# anyone have a guess on this tricolor locality?



## Ben E (Oct 1, 2004)




----------



## EDs Fly Meat (Apr 29, 2004)

It's looking kind of bluish (maybe its the lighting) I'd say Salvias. But Jon Werner or Sean Stewart are better people to ask.
Dave


----------



## markpulawski (Nov 19, 2004)

*Tricolor Morph*

Did it say uncle....pick on someone your own size! 
Neat morph though, those running loose in the garden?


----------



## kyle1745 (Feb 15, 2004)

Wild looking frog...


----------



## Ed Martin (Mar 25, 2004)

I agree with Dave: Salvias morph. I also agree that Sean or Jon could tell you for sure. 
Ed


----------



## Marcus (Apr 18, 2004)

Absolutely not the Salvias morph from herpetologic.net.
We found them in Southern Ecuador and a more correct name could be Zaruma.


----------



## EDs Fly Meat (Apr 29, 2004)

Hi Marcus,
That movie was outstanding!!! Well done, I had to watch it a couple of times. Very cool, can you give us some background on it? Are you arguing that the tricolor in your film the same as the one Ben is showing? If so, I have to respectfully disagree with you. The banding is too yellow. I also am curious why you say they are NOT Slavias? In all honesty you would know more than I would, but I am just curious as to your reasons.
Best regards,
Dave


----------



## Arklier (Mar 1, 2004)

*Re: Tricolor Morph*

I love that pic. He's like, "GET THE HELL AWAY FROM ME!"


----------



## rmelancon (Apr 5, 2004)

I seem to remember the tricolors at the Aquarium of the Americans in New Orleans looking very similar to those. Ian would know the locality info.


----------



## Marcus (Apr 18, 2004)

Hello Dave,

We were in Southern Ecuador one year ago to search for tricolors.
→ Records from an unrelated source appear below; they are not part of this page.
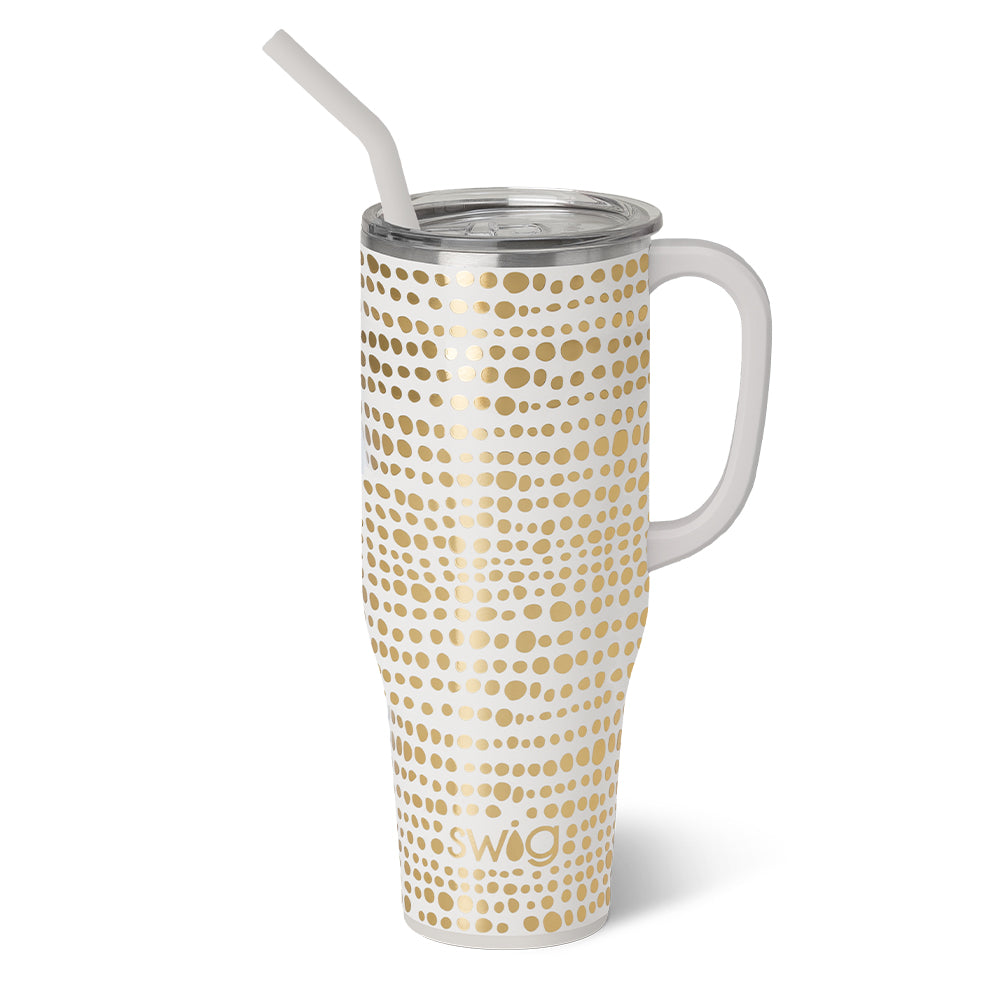 glamazon gold mega mug is white with gold dots all over with lid and white straw displayed on a white background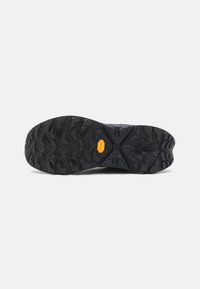 Fekete futócipő talp mély bordázattal és egy kiemelkedő sárga Vibram logóval. Texturált gumi a tapadás és tartósság érdekében.
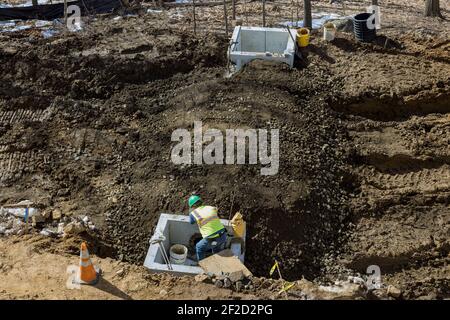 Costruzione installata di tubo di calcestruzzo di sistema di drenaggio su cui lavorare la strada per fognature di acqua drenata Foto Stock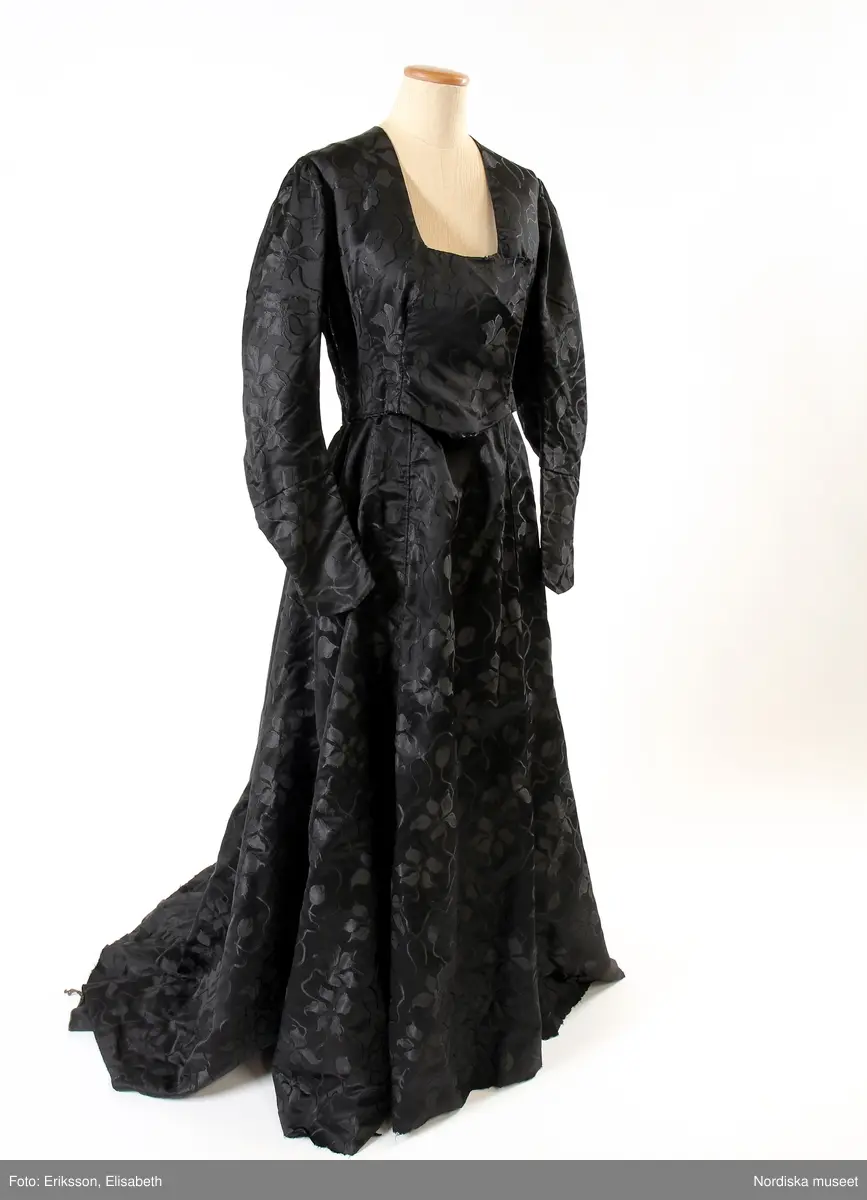 Högtidsklänning med släp, svart jacquardvävt siden, med mönster av blomstergirlanger. Långärmat klänningsliv med fyrkantig urringning. Antydan till fårbogsärm med lätt rynkning vid axelpartierna. Söm mitt på ärmen som kan tyda på att den förlängts från att från början ha varit en 3/4-delsärm. Klockformad kjol, med flera våder, två sömmar på framdelen. Linning ca 2 cm. Liv och kjol är fästade med hakar, men även delvis ihopsydda. Kjollängd fram 105 cm, bak 130 cm. Ärm 60 cm. Midjemått ca 66 cm, ryggmått, livstycke 41 cm. Slitage på utsatta ställen, som nedre kanten och vid linningen. Delvis omsydd. Tryckknappar för knäppning av kjoldelen.
/Karin Dern 2017-05-18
We found the morph on the above picture. We also found the "slavias" morph. These two locality's were not near by. I agree with you that the ones in the movie were more yellowish instead of the blue pattern on the pic. But the animal on the pic is more like the ones we found in the movie than at the place where we found the blue ones. But I can also say that it's amazing to see how diverse the pattern/colors can be on one place (20 square meters). When you don't know this you may think it's a complete different morph. 
All the blue ones with found had no pattern as on the picture. They had more stripes and little spots. It would be something to come to your frogday and show some material (photo/video) and explain..maybe someday i may and can come for a speech or just passing by.


----------